Yesterday was, of course, Independence Day in the United States. Or Fourth of July, or Treason Day, or Brexit 1776, or any of the zillion other monikers applied to the day. The occasion is also one of the most common secular holidays in the world, if not the most common; there are a lot of countries that sought and gained their independence from Great Britain.
The holiday, plus a long-running discussion about the ‘correct’ way to celebrate secular vs. religious holidays, sparked some musing about the nature of holidays and time-keeping in fiction.

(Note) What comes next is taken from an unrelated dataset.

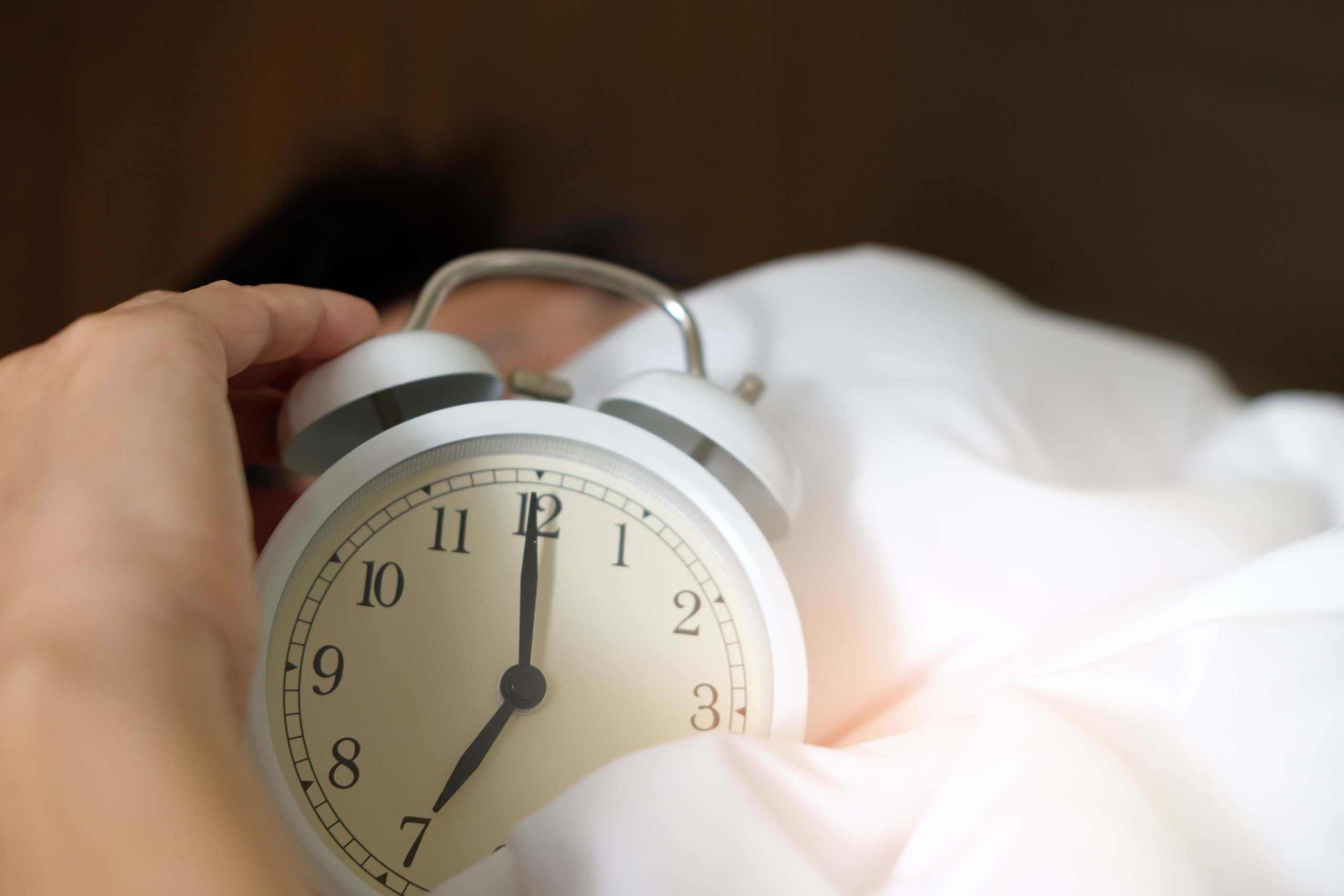 Alarm clock representing disrupted sleep patterns and the impact of burnout on healthy rest through burnout therapy in Denver, CO.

If a story is set on Earth, the challenge is only to make sure the calendar is accurate for that time, place, and culture, and that the reader can understand it. Books with a heavy emphasis on Christmas probably don’t sell well in Saudi Arabia. Similarly, a piece of historical fiction might have to massage reality a bit when the question of ‘what year is it?’ crops up; most places used regnal years until fairly recently, and a new year could begin on January 1, Easter, September 29 (Michaelmas), or any number of other dates. Holidays aren’t always celebrated as enthusiastically in all places. Most countries don’t have a fortnight-long fireworks extravaganza that peters out sometime after the Fourth of July. Heck, a lot of American neighborhoods don’t do that; the climate won’t support it. The amount of attention a writer pays to holidays and calendars can be minimal; most readers will get it.

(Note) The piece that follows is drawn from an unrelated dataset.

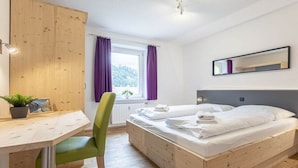 Une chambre à coucher avec un lit en bois, un bureau, une chaise et une fenêtre avec des rideaux.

The real fun with fictional holidays comes when you’re writing fantasy or science fiction. What happens when the year is a different length? What happens when there is no December 25th, or July 4th, et cetera? The date of Easter is based on the lunar calendar, but there are no phases of the moon to count when you’re living on it. What happens in a colony that gains their independence from the United States; do they still celebrate the Fourth of July?
One way to handle it is to gloss over the whole thing. My only foray into anything remotely like science-fiction had essentially no calendar. Characters referred to days, weeks, and months passing, but the whole thing was remarkably unmoored in time, and there were no official holidays. It was passable, but more world-building in general might have improved that universe.
On the fantasy side, I was a rank beginner and had no idea how to handle things like holidays when I wrote the first two Garia books, and I ended up giving them a lot of Earth-like holidays to save time and thought. So they have solstices and equinoxes, and because it’s a fairly rural fantasy series, characters talk about harvest time, lambing season, and so on. I also gave a nod toward regnal years on official documents.
It basically works. If I was doing it over again (see also, why I’m struggling to write any more books in that series; it needs so much work) I might make up names for the months and draw attention to the confusion that might occur when the year begins in winter in one country and begins after harvest time in another.
That’s the plan for the fantasy mercenary series, which currently consists of one lonely book. In it, Gavril arrives in town on St. Denys’s Day, which the locals see as a great excuse for a drunken party. Everyone likes an excuse for a party, and by calling it a saint’s day, it gives a slightly medieval European flavor to the setting. I think there is actually a real St. Denys, probably known by a different spelling, but I’m reasonably sure that he’s not celebrated with drunken parties.
Between the saint’s days, references to seasonal tasks, borrowing obscure names for concepts like weeks and months, and a fair amount of making up things, I think I can create a calendar that makes sense in-universe and out of it.
How do you use holidays in your writing? How do your calendars differ from ours? Would you still celebrate Easter if you lived on the moon, and if yes, how would you know when to celebrate?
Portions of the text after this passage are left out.